- _SOURCE MATERIAL_
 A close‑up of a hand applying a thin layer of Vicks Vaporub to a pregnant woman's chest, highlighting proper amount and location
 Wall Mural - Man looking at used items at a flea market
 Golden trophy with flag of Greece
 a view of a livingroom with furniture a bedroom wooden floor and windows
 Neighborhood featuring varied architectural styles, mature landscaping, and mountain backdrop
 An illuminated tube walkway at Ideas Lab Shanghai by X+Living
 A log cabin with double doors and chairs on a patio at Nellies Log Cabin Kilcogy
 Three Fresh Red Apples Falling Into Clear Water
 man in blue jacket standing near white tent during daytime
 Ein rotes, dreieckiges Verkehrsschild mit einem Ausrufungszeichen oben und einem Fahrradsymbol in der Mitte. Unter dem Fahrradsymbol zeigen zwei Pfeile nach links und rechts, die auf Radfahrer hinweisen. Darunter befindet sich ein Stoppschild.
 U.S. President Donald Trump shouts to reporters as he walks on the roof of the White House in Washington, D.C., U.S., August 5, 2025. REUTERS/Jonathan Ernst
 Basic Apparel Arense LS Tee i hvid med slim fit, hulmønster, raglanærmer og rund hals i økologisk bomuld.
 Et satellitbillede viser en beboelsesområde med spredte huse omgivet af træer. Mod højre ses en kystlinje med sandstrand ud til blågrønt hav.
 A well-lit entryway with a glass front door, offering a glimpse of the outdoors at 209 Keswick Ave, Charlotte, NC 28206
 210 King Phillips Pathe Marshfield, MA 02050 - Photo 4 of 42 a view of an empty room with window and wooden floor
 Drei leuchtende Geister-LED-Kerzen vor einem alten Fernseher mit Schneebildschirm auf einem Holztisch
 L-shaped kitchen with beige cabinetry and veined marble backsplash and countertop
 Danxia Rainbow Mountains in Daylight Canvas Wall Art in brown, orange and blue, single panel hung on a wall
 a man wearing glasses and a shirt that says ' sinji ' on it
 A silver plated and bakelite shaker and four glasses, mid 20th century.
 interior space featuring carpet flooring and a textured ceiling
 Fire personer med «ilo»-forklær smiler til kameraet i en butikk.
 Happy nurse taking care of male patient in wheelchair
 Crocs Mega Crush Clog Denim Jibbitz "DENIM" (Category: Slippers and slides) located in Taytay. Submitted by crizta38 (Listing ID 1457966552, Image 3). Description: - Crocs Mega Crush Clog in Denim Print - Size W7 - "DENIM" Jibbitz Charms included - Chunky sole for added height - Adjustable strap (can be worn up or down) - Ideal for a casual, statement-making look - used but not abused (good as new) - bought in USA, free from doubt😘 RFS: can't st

- _ABOUT THIS EXERCISE_
Word for word, restate the lines of the listing above starting at the line with "Et satellitbillede viser" and ending at the line with "A well-lit entryway", and nothing outside them.

- _OUTPUT BELOW_
 Et satellitbillede viser en beboelsesområde med spredte huse omgivet af træer. Mod højre ses en kystlinje med sandstrand ud til blågrønt hav.
 A well-lit entryway with a glass front door, offering a glimpse of the outdoors at 209 Keswick Ave, Charlotte, NC 28206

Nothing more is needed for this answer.